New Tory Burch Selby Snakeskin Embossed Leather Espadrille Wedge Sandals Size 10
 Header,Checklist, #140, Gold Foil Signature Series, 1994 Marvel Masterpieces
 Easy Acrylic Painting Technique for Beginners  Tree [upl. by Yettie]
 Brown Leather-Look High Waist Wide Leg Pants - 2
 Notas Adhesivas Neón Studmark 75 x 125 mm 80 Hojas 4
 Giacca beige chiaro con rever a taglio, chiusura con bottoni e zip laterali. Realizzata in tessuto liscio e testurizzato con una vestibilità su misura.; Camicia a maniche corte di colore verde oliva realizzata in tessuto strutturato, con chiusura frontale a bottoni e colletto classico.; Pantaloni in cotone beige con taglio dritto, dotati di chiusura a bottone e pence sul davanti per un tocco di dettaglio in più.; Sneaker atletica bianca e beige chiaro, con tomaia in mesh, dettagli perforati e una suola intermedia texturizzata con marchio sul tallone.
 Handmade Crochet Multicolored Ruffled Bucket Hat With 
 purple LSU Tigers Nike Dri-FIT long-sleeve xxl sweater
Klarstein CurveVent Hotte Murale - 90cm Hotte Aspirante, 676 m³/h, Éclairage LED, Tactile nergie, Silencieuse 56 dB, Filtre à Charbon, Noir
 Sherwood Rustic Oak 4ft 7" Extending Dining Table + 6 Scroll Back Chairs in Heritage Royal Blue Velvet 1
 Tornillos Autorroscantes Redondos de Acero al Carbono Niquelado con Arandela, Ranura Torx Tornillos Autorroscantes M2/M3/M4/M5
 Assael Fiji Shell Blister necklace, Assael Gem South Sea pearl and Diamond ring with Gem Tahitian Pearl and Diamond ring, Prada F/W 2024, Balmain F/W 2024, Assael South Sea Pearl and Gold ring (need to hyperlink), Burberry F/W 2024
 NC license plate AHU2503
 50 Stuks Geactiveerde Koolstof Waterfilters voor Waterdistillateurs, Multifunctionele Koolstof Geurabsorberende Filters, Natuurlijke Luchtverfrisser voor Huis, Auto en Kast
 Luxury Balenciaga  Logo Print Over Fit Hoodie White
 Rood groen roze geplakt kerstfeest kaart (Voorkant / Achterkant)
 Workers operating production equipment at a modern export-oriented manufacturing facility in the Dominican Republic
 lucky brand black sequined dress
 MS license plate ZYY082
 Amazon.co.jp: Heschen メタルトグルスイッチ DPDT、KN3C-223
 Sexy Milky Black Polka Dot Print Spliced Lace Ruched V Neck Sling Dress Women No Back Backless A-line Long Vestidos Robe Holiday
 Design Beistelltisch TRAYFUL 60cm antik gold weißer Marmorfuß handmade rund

____

**WORK ITEM**
All lines above from the one with "Brown Leather-Look High" to the one with "Notas Adhesivas Neón", inclusive, should be copied exactly, and no other lines.

**TASK RESULT**
 Brown Leather-Look High Waist Wide Leg Pants - 2
 Notas Adhesivas Neón Studmark 75 x 125 mm 80 Hojas 4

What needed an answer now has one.